Les cigarettes de marque VLN contiennent du tabac provenant de plantes qui ont été génétiquement modifiées pour réduire fortement leur teneur en nicotine.


Photo:

Erin Hooley/Chicago Tribune/Tribune News Service/Getty Images

22nd Century est disposé à s’associer à d’autres fabricants de cigarettes pour fournir des graines de tabac, a déclaré le directeur général James Mish. « C’est immédiatement évolutif », a-t-il déclaré.

La réduction de la nicotine dans les cigarettes fait l’objet de discussions au sein de la FDA depuis les années 1990. En 2009, la Family Smoking Prevention and Tobacco Control Act a donné à l’agence le pouvoir d’imposer une réduction de la nicotine dans les cigarettes, mais seulement si la politique était fondée sur des preuves scientifiques, une mise en garde qui a ralenti le processus pendant des années.
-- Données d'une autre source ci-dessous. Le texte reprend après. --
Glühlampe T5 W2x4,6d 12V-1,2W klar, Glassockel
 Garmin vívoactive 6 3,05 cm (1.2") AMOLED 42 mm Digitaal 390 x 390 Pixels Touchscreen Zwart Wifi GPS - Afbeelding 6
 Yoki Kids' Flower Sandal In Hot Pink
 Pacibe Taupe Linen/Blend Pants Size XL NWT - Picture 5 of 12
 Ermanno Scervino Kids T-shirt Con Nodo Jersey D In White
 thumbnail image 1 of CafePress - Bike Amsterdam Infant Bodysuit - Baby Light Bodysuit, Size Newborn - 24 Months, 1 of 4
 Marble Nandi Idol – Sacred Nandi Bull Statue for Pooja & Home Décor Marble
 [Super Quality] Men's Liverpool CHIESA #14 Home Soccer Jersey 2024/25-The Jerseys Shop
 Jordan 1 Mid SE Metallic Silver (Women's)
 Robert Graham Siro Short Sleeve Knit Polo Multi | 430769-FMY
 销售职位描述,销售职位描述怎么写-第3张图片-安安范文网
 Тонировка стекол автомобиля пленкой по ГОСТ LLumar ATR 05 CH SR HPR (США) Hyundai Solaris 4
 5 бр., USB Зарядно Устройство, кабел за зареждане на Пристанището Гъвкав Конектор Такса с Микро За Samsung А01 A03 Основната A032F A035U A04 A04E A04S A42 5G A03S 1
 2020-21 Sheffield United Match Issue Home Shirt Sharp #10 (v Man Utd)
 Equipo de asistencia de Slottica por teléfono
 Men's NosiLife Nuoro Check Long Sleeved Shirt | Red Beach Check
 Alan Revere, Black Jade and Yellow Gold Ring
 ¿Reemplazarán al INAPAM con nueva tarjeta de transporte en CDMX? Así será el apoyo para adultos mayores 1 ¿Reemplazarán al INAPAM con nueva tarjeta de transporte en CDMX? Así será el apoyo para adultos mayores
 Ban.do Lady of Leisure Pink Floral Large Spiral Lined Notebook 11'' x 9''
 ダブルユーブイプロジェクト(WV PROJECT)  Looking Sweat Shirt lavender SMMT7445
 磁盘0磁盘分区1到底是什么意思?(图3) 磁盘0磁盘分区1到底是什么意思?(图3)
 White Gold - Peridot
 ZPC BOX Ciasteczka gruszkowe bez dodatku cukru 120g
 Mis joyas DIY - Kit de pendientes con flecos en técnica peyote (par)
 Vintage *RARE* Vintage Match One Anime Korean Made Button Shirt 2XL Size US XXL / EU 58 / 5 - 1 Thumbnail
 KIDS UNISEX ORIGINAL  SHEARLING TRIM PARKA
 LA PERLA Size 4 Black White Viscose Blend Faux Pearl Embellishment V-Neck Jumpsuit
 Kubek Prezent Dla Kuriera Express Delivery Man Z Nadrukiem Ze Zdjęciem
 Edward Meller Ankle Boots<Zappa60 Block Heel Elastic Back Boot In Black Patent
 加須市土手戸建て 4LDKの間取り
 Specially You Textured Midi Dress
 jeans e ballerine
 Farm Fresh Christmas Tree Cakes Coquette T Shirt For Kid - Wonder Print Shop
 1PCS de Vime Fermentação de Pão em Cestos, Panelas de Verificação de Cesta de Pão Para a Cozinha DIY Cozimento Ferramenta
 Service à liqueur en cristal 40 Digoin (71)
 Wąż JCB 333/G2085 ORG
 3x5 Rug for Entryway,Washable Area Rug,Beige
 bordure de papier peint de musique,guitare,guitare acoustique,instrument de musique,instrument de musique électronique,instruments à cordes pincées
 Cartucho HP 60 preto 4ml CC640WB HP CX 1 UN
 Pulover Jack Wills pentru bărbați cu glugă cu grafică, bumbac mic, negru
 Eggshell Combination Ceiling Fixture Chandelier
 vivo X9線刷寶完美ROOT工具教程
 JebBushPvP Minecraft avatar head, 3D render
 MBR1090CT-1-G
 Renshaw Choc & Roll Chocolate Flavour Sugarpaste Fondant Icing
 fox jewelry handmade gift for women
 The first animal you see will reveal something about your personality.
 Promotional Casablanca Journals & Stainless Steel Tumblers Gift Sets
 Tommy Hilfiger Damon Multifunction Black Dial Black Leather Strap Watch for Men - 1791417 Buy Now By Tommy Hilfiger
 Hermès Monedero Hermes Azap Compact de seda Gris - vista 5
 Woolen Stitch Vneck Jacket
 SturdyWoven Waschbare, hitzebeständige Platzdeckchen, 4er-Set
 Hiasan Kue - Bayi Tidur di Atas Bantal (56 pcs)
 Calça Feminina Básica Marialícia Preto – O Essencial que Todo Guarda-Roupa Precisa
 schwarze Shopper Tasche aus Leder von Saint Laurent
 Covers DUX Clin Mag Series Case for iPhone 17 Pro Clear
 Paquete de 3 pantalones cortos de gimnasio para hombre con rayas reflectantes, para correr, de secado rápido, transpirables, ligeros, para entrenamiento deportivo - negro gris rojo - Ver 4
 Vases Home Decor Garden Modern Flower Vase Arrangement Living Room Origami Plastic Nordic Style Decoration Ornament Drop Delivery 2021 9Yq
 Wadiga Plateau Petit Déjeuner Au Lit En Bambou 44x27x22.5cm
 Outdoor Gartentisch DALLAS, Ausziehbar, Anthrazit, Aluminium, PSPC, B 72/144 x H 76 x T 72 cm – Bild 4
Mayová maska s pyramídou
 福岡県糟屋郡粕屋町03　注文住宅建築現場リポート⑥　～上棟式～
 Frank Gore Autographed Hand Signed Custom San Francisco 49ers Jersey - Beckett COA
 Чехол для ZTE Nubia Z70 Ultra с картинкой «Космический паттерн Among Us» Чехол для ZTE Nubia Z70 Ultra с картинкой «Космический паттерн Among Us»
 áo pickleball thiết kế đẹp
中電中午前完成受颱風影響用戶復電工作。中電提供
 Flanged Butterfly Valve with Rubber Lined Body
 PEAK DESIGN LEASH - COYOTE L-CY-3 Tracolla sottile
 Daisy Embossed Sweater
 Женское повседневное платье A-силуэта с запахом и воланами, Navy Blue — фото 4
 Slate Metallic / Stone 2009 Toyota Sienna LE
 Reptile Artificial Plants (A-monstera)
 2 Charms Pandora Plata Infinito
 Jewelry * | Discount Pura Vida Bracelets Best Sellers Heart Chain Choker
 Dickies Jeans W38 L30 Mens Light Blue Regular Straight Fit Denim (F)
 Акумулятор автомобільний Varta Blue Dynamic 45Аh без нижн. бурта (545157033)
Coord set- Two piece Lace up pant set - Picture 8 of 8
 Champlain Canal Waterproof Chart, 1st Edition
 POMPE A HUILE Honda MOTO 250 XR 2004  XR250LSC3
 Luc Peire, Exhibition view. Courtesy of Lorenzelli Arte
La loi stipulait que la FDA ne pouvait pas éliminer entièrement la nicotine des cigarettes.

Scott Gottlieb, qui a été commissaire de la FDA sous l’administration Trump, a poursuivi une réduction de la nicotine dans les cigarettes dans le cadre d’une politique antitabac plus large qu’il a proposée en 2017. Mais après avoir quitté l’agence en 2019, les responsables de l’administration Trump ont mis le plan de côté.

L’administration Biden a décidé d’adopter la politique dans le cadre de l’initiative Cancer Moonshot du président Biden, qui vise à réduire le taux de mortalité par cancer d’au moins 50 % au cours des 25 prochaines années. Son administration poursuit également une interdiction des cigarettes au menthol, qui représentent plus d’un tiers de toutes les cigarettes vendues aux États-Unis. La FDA a publié une proposition de règle sur les menthols en avril et sollicite maintenant les commentaires du public. Cette interdiction ne prendrait probablement pas effet avant plusieurs années.

Par ailleurs, la FDA procède à un examen de toutes les cigarettes électroniques sur le marché et évalue si leurs avantages potentiels en tant qu’alternative moins nocive pour les fumeurs de cigarettes adultes l’emportent sur les risques des produits pour les jeunes.